By Rebecca Harrison
Being a parent to a child with special educational needs is a journey filled with
endless love, resilience, and advocacy, but it also comes with daily challenges
and frustrations that many never see. I am a parent to C, my bright, inquisitive,
and spirited nine-year-old boy who has a dual diagnosis of autism and ADHD.
Our journey to understanding C’s needs has been long and emotionally
complex—a story that I want to share with other parents who may be in a similar
place or who might be struggling to navigate the maze of SEND (Special
Educational Needs and Disabilities) support.
The Early Signs
We first started noticing differences in C’s development around age two. While
other children his age seemed naturally curious and socially engaged, C was
often content to play alone, fixated on lining up his toys or meticulouslyexamining textures. As a parent, part of me knew he was developing in his own
unique way, but another part of me wondered if there was something more going
on. With encouragement from family and friends, we sought help from our local
NHS paediatrician and the Local Authority Early Years team, hoping for
guidance. This early intervention was a godsend, as it put us on the path to
understanding C better and getting the support he needed.
The Autism Diagnosis: A Mix of Relief and Fear
From the age of two, C was under observation by healthcare professionals, each
of whom documented his progress and shared insights about his unique way of
engaging with the world. These observations and assessments formed a detailed
picture, and by the time C was nearly five, we met with a speech and language
assessor from our NHS trust for a final assessment. The conclusion was clear: C
had autism.
Hearing the paediatrician say “autism” left me feeling mixed emotions that I
hadn’t prepared for. I burst into tears. On one hand, they were tears of
relief—finally, we had a name and an explanation for all those little things that set
C apart. But there were also tears of fear, a sense of overwhelming responsibility
to support C in a world that doesn’t always offer the resources or understanding
that disabled children need. I worried about the future, about C’s school years
and his social life, and how we would find the support he deserved.
Seeking an ADHD Diagnosis: An Uphill Battle
As C grew older, it became clear that his challenges extended beyond autism. He
had boundless energy, struggled with focus, and found it hard to regulate his
impulses. We suspected that ADHD might also be at play, and so began another
chapter in our journey: trying to get an official ADHD diagnosis.
This, however, was an entirely different experience. Unlike the relatively smooth
process of C’s autism assessment, the road to an ADHD diagnosis was riddled
with obstacles. Our local CAMHS (Child and Adolescent Mental Health Services)
told us the waiting list for an ADHD assessment was six years long. Six years. C
was only six at the time, and the thought of him not having the support he
needed until he was nearly a teenager was unthinkable.

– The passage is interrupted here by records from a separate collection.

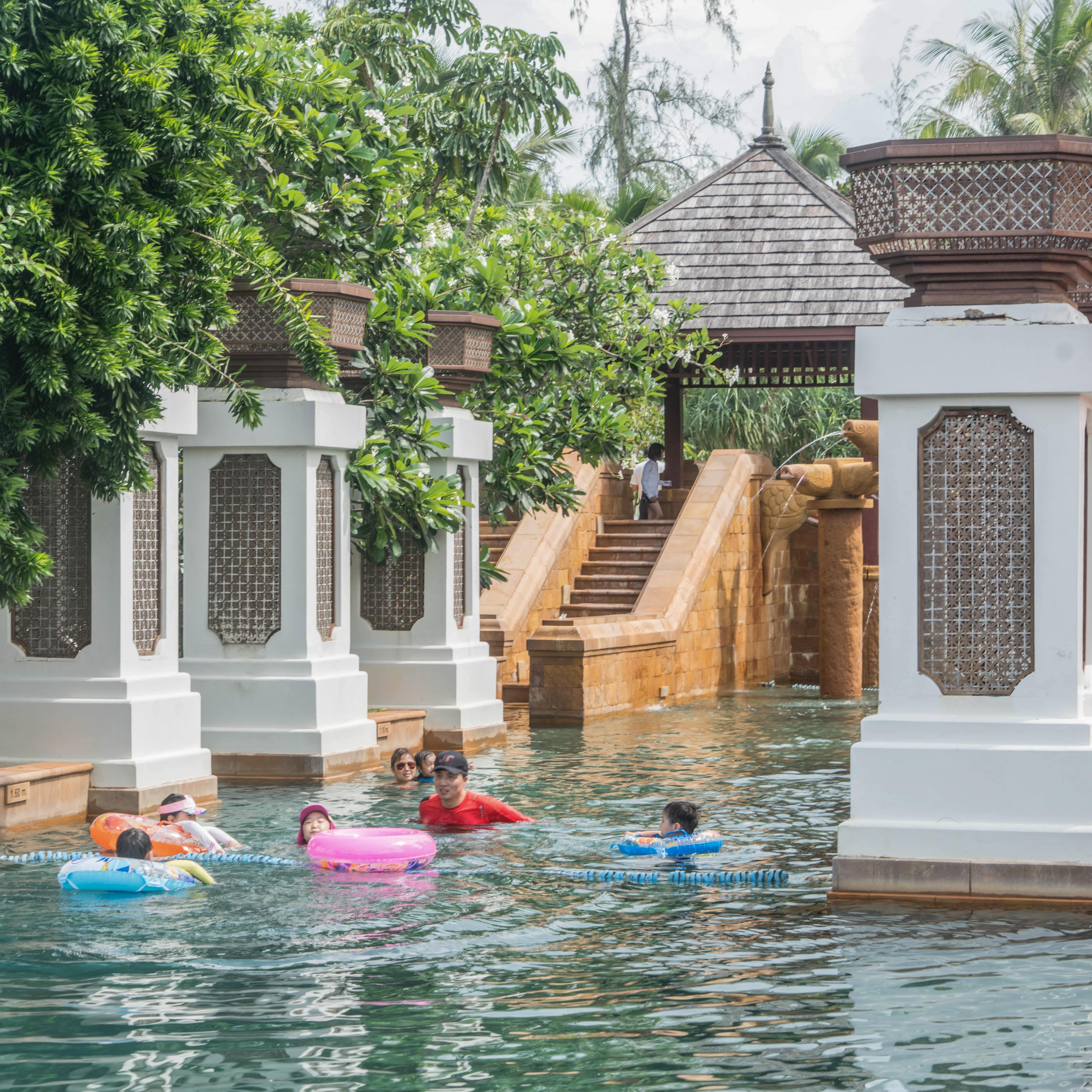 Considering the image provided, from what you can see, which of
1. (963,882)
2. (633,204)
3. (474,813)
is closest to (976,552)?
(963,882)

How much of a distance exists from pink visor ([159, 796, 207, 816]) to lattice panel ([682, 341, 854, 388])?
15.2m

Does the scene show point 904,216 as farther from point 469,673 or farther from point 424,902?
point 469,673

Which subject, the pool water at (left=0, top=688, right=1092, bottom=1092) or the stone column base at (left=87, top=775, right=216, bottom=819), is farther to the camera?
the stone column base at (left=87, top=775, right=216, bottom=819)

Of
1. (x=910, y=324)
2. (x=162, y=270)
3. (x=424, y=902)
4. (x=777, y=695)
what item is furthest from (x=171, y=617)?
(x=777, y=695)

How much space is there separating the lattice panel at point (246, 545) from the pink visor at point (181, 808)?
3.29m

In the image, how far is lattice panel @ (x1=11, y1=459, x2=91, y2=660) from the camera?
1168cm

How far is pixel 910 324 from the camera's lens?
8844 mm

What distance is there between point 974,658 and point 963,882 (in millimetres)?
1094

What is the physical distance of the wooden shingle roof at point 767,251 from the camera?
23469mm

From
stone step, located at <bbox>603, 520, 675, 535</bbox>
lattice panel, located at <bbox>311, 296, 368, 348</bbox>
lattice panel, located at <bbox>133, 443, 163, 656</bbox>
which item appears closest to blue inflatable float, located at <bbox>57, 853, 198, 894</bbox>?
lattice panel, located at <bbox>133, 443, 163, 656</bbox>

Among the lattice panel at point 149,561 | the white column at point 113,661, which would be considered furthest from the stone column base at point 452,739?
the lattice panel at point 149,561

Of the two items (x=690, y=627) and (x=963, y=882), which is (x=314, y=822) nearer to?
(x=963, y=882)

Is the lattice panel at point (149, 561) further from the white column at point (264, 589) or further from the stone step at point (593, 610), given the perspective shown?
the stone step at point (593, 610)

Turning to Private Care: A Necessary Expense
Faced with this roadblock, we decided to pursue a private diagnosis. It was a
huge financial commitment—over £1,000—but for us, it was a necessary step to
ensure C received the support he needed in real-time. We found an incredible
charity, ADHD Norfolk, that helped us navigate the private diagnostic process
and, eventually, get C started on medication that made a tangible difference in
his life.
Another Setback: CAMHS’ Refusal to Support C’s Medication
Once we had C’s private ADHD diagnosis, we reached out to CAMHS, hoping
they would take over his medication and manage his care. But CAMHS had a
strict policy: they would only provide support if they completed their own ADHD
assessment, despite the formal diagnosis C already had from a qualified and
reputable professional. It was frustrating and felt dismissive, especially knowing
that many families, like ours, are forced into private care simply due to the
extreme waiting times for assessments.
After another long wait, we submitted a complaint, pushing CAMHS to act
sooner. Finally, they agreed to assess C themselves, and within a week, CAMHS
conducted their assessment and confirmed the ADHD diagnosis we had already
received. It was a bittersweet victory—on one hand, we finally had official
recognition, but on the other, it felt like we’d had to fight so hard for something
that was already so evident.
Reflections on a System That Needs Change
Our journey to understanding and supporting C has been a rollercoaster of
emotions and frustrations. I’ve felt joy in seeing C thrive with the right support,
but I’ve also felt heartbreak and anger over the delays, the costs, and the
endless bureaucracy. For parents of children with SEND, we face an uphill battle
at every turn, and while there are incredible professionals along the way, the
system itself is still far from where it needs to be.
When I think back to those early years—the relief of finally knowing and the fear
of what lay ahead—I realise they encapsulated what many parents in this
position feel. We want to be able to support our children and give them a fair
chance at life, but we’re often navigating a world that feels indifferent to their
needs.T o any parent on a similar path: you are not alone. This journey is exhausting,
frustrating, and often heartbreaking, but it is also filled with the deepest love and
pride imaginable. We are our children’s advocates, their strongest supporters,
and we’ll continue fighting for them in a system that one day, I hope, will finally be
designed to support every child fairly and fully.